Share
Haha, oh time, you cheeky bugger, just ticking away quietly over in some unseen corner till something like this comes up and makes us realise what you’ve been up to. The middle of July just passed marked the 15 year anniversary of the release of one of Australian rock n roll’s greatest albums – Highly Evolved – and with it, the anniversary of the arrival of one of Australian rock n roll’s greatest bands, The Vines.
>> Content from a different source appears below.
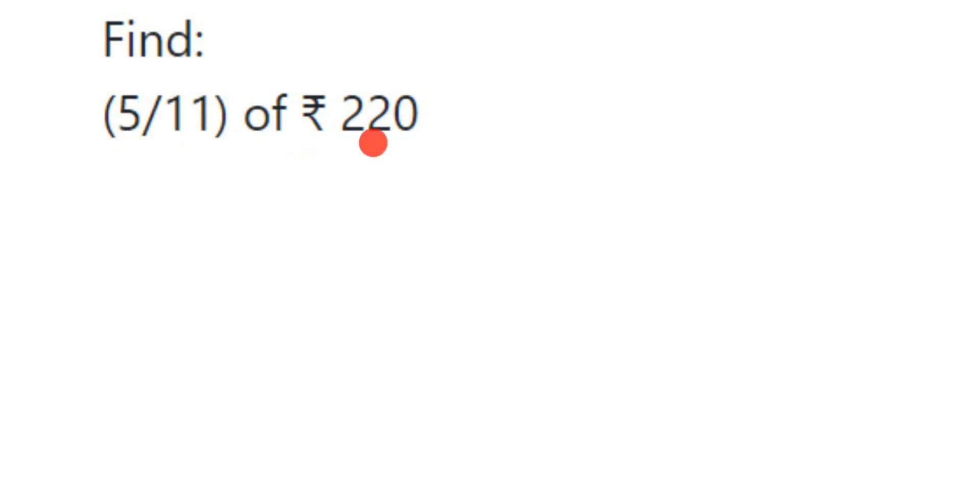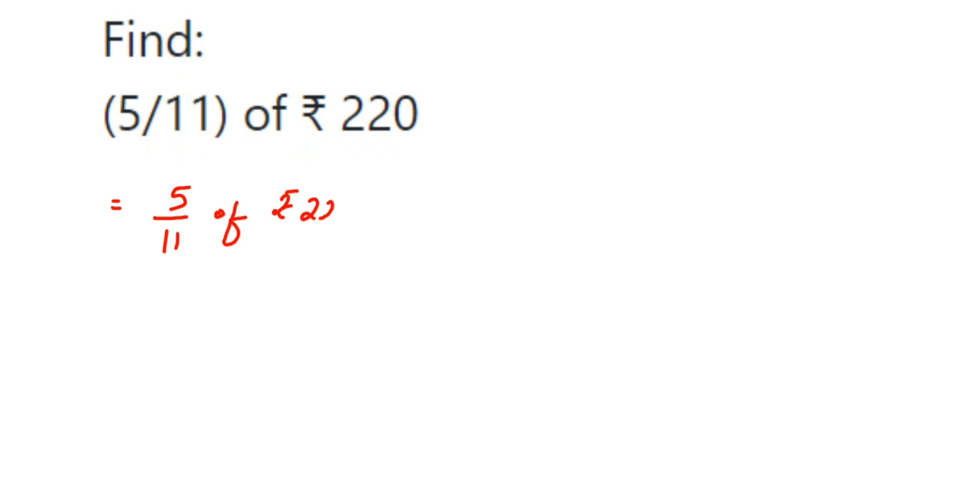Find 5/11 of rupees 220. Here we don't have to convert rupees into paisa; we're going to find out the answer in rupees itself. So this is equal to 5 by 11 of rupees 220. 'Of' means multiplication.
Fusing influences of Nirvana grunge, and britpop, they were Australia’s face, our players, in a new era of guitar rock that took over in the early 2000s, following the release of the The Strokes’ hugely influential Is This It, released a year earlier in 2001.
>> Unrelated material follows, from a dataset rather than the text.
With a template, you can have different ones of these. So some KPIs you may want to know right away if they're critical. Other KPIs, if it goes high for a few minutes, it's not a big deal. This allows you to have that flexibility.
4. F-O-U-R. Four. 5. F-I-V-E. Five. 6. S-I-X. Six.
The album was an unbelievable power packet of garage rock, opening with first single, “Highly Evolved”, backed by the blockbuster, “Get Free”, and followed up with the off-the-chain “Outtathaway”. Despite it eventually being included in the book, 1001 Albums You Must Hear Before You Die, as well as the book, One Hundred Best Australian Albums, The Vines only received one Aria Award, the award for “Breakthrough Artist – Single” (they lost out to Kylie Minogue’s “Can’t Get You Out of My Head”, Silverchair’s Diorama, and George’s Polyserena for best single, best rock album, best group, and best breakthrough artist album, respectively).
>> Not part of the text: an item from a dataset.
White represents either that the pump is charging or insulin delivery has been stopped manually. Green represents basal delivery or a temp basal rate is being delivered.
But it was incredibly exciting time to watch the Sydney band rise to the top of the world on the back of a lone debut album, culminating in two peak moments, getting the cover of Rolling Stone (the American version, not the Australian iteration) in October that year, the first Australian band to do so since Men At Work in the 1980s, with the, incredible coverline: Rock Is Back, Meet The Vines.
And their brilliant and unhinged performance on Letterman (top of the page), one of the all time greatest to go down in the Ed Sullivan Theatre.
Famously Alex Turner was inspired to learn guitar and start his band the Arctic Monkeys after going to his first gig and seeing The Vines play, and Craig Nicholls performance as a frontman in that same year.
Sadly, and what is so often the case, frontman Craig Nicholls’ erratic, self-destructive rock n roll behaviour that made them so luminescent, so infectious, was also detrimental to his health and wellbeing, touring for the second album was marred with a series of gig breakdowns, resulting in Triple M banning playing Vines tracks on their station. Nicholls was diagnosed with Aspergers in 2004.
Highly Evolved wasn’t all reckless distortion though, around the bigger tracks is a beautiful softer side filling out the album, with ballads like fourth single, Homesick:
And Autumn Shade:
And not on the record, but often included as a boot-leg bonus on the burnt CD-Rs shared around schoolyards in 2002, was their cover of Outkast’s Ms. Jackson (originally released as a B-side on the single release of Outtathaway). In a time before Triple J’s weekly “band covering another band feature”, Like A Version, their take to bring a hip hop number into an emotional indie ballad was mind-blowing.
But then so was everything about The Vines when we first heard about them in 2002.